第1話 − 富の源
私は高校に入学して最初の授業で、クラス全員の前で先生にバカにされた経験がある。たしか社会系の授業であったが、先生がいきなり「世の中の価値は何によって生み出されると思うか?」と質問した。私ひとりがすぐに手を挙げたので、それだけで先生は驚いたのだが、「初めに、神が天地を創造された(創世記1:1)ので、全ての価値はそこから始まります」という私の答に先生はさらに大きなショックを受け、「おい君!この科学の時代にどうしてそういう話をするのかね?」言った。科学を知らない無学な私が、県下一ニと言われる進学校に間違って入学したのではないかと疑うような目つきだった。しばらくの沈黙の後、先生自らが答を出した。「世の中の価値は、労働によって生み出されるのである」と。まじめな学生達はすぐさまその答をノートに書き留めた。「黙っていれば良かった。クラスメートも皆私を軽蔑するかも知れない」と内心不安になったが、驚くことに、そのうち20人が私の通っていた教会の英会話クラスに参加するようになった。

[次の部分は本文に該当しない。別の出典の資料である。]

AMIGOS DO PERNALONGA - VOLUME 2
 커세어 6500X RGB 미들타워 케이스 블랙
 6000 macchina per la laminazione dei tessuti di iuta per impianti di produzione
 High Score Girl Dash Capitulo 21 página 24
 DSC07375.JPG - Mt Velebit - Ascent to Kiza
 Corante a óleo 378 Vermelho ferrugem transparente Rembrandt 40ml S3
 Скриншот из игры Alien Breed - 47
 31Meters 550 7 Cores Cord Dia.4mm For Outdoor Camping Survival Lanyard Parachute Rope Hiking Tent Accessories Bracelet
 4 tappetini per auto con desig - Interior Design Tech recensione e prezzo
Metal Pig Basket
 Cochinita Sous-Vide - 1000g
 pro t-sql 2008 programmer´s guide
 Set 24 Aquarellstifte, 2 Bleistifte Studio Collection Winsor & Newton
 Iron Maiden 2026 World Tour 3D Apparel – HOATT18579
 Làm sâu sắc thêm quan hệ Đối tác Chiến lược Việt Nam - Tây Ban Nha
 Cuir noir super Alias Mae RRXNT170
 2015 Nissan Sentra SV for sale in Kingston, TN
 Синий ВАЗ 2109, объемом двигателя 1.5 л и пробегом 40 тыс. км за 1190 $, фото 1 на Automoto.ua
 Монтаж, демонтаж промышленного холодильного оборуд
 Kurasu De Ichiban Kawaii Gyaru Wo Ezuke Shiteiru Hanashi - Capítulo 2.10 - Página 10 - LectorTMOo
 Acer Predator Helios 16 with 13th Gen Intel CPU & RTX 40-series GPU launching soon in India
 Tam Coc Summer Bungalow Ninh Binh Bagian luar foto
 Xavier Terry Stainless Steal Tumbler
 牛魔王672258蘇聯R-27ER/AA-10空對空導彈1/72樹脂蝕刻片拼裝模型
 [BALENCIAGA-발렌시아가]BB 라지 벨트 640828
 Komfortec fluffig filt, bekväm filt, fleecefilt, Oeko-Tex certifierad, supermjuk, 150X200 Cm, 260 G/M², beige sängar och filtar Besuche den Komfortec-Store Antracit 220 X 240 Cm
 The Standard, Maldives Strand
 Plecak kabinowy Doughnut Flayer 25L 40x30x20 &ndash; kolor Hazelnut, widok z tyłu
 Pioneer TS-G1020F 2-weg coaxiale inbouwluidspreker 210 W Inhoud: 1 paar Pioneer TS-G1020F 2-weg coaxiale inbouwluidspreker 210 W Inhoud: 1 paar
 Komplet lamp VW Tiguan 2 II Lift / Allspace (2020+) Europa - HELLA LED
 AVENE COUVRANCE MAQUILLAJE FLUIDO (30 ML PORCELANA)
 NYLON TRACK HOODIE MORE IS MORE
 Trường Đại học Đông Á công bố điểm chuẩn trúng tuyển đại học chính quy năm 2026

そして私と同じ価値観を持つようになった学生もいる。
私は先生の答に疑問を感じた。確かに全ての人は労働することにより収入を得ることが出来、富も蓄えることが出来るようになる。でも労働だけでは価値を生み出すことは出来ないのではないかという直感的な思いがあった。たとえば末端価格1000円のあわびの場合、漁師は海底にもぐり収穫するという作業(労働)をする。そしてその労働の代価を400円とし、仲買業者に400円で売る。仲買業者は仕入れて魚屋さんに卸すという労働の代価を200円と定め、600円で卸す。そして魚屋さんはお客さんに売る労働の代価を400円と定め1000円で売る。これが経済の仕組みだが、もし漁師が1個のあわびを得るのに1000円を支払わなければならないとしたら、漁師、仲買人そして魚屋さんの労働は一切価値を生み出さないことになる。それぞれの労働が価値を生み出すためには、富の循環の出発点が無料でなければならない。すなわち漁師はあわびを無償で手に入れる必要がある。
私はあの先生の発言を聞いて以来、ますます「初めに、神が天地を創造された」という聖書のことばの重要性を、実感するようになった。農業、漁業、林業、鉱業と言った富の循環の出発点、すなわち第一産業は、全て無償で物を手に入れるところから始まる。であるから知的産業、サービス業そしてエンターテイメント業に到るまで富が循環するのだ。火力、水力、原子力、風力といったエネルギー源も無償で与えられている。地球のいとなみの全てに関わる太陽光は、一瞬たりとも途絶えることなく地上に注がれている。勿論生命維持に必要な水や空気も無償である。このように始めに全てが創造主なる神によって無償で提供されているので、人間の労働が富を生み出す結果となるのである。